MyAnimeList, also known as MAL, is an anime and manga social networking website which contains a database where users can organize and add different anime to their list. When added to a list the anime items are given a rating after being watched. This process helps in finding users who have similar tastes.
This project will explore the contents of this dataset to gain insights. Later on, an item-item collaborative filtering recommeder system will be built to recommend and predict anime for users. Analysis and evaluation will be done on the recommender system to see how well it performs when recommending items. Please note that the project will not be limited to this proposal. As I progress through the assignment, some attributes may change as I learn the data and the projected recommender system.
This data set contains information on user preference data from 73,516 users on 12,294 anime.

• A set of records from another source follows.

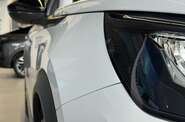 Peugeot 2008 Allure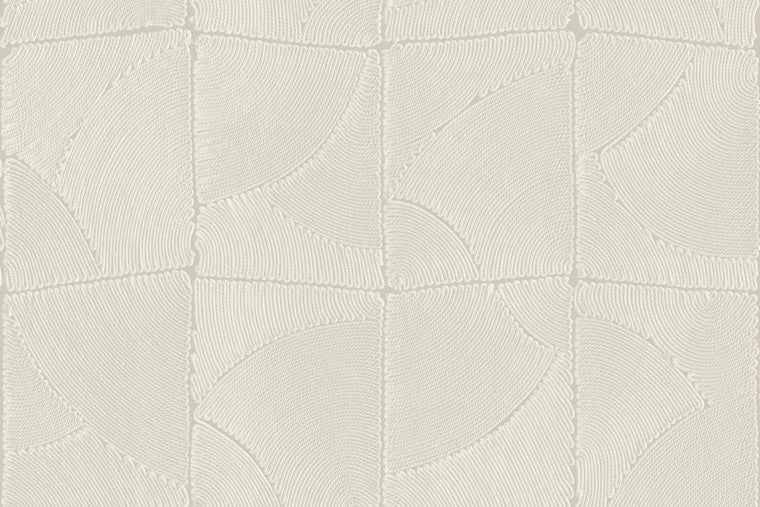 Papel Mural - Atlas - 60781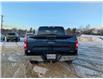 2019 Ford F-150  (Stk: F1262A) in Miramichi - Image 4 of 13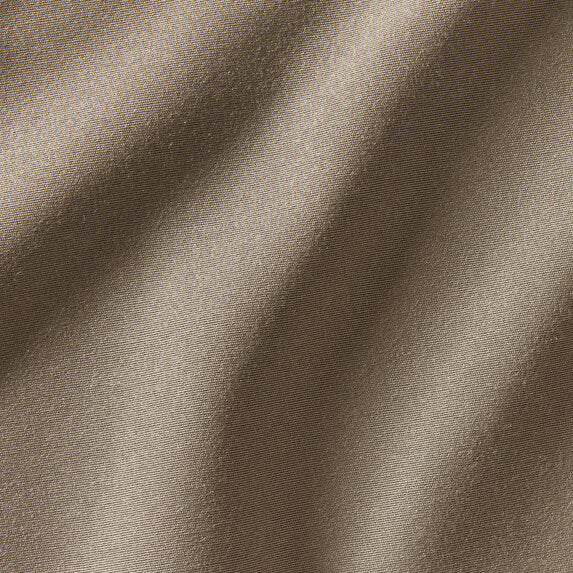 Zimmer + Rohde Savannah 896 Fabric Sample 10456896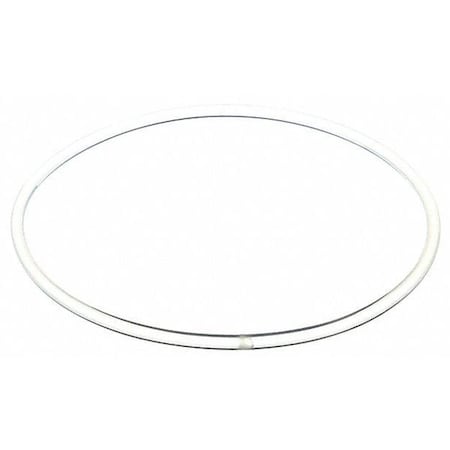 Belt MPN:00-291704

There’s two datasets:
Anime.csv
Contains detailed information about the anime.anime_id | name | genre | type | episodes | rating | members |
---|---|---|---|---|---|---|
32281 | Kimi no Na wa. | Drama, Romance, School, Supernatural | Movie | 1 | 9.37 | 200630 |
5114 | Fullmetal Alchemist: Brotherhood | Action, Adventure, Drama, Fantasy, Magic, Military, Shounen | TV | 64 | 9.26 | 793665 |
28977 | Gintamað | Action, Comedy, Historical, Parody, Samurai, Sci-Fi, Shounen | TV | 51 | 9.25 | 114262 |
9253 | Steins;Gate | Sci-Fi, Thriller | TV | 24 | 9.17 | 673572 |
9969 | Gintama' | Action, Comedy, Historical, Parody, Samurai, Sci-Fi, Shounen | TV | 51 | 9.16 | 151266 |
32935 | Haikyuu!!: Karasuno Koukou VS Shiratorizawa Gakuen Koukou | Comedy, Drama, School, Shounen, Sports | TV | 10 | 9.15 | 93351 |
Ratings.csv
Stores information about ratings given to each anime by a user.user_id | anime_id | rating |
---|---|---|
1 | 20 | -1 |
1 | 24 | -1 |
1 | 79 | -1 |
1 | 226 | -1 |
1 | 241 | -1 |
1 | 355 | -1 |
The scores/ratings range from 1 - 10 with 10 being the best. If the rating is -1, it means that the user did not provide a rating for that item.

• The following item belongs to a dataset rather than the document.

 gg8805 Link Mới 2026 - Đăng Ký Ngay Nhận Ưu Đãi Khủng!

The data is freely accessible to the public and was obtained from Kaggle.com. For a more condensed version, you can find it on Kaggle as well under Myanimelist.

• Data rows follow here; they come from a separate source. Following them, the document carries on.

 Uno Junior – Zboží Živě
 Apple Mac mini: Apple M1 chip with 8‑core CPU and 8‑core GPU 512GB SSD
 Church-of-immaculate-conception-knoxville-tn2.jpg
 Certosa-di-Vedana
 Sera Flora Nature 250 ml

To recommend and make predictions about a user’s taste. Specifically what a user will want to watch or buy in the future.
This project will be an exploration of modern recommender systems with the use of
The system will be implemented in R using a training and test set with a ratio of 80%:20% respectively. The error for each model will be reported as root mean square error (RMSE).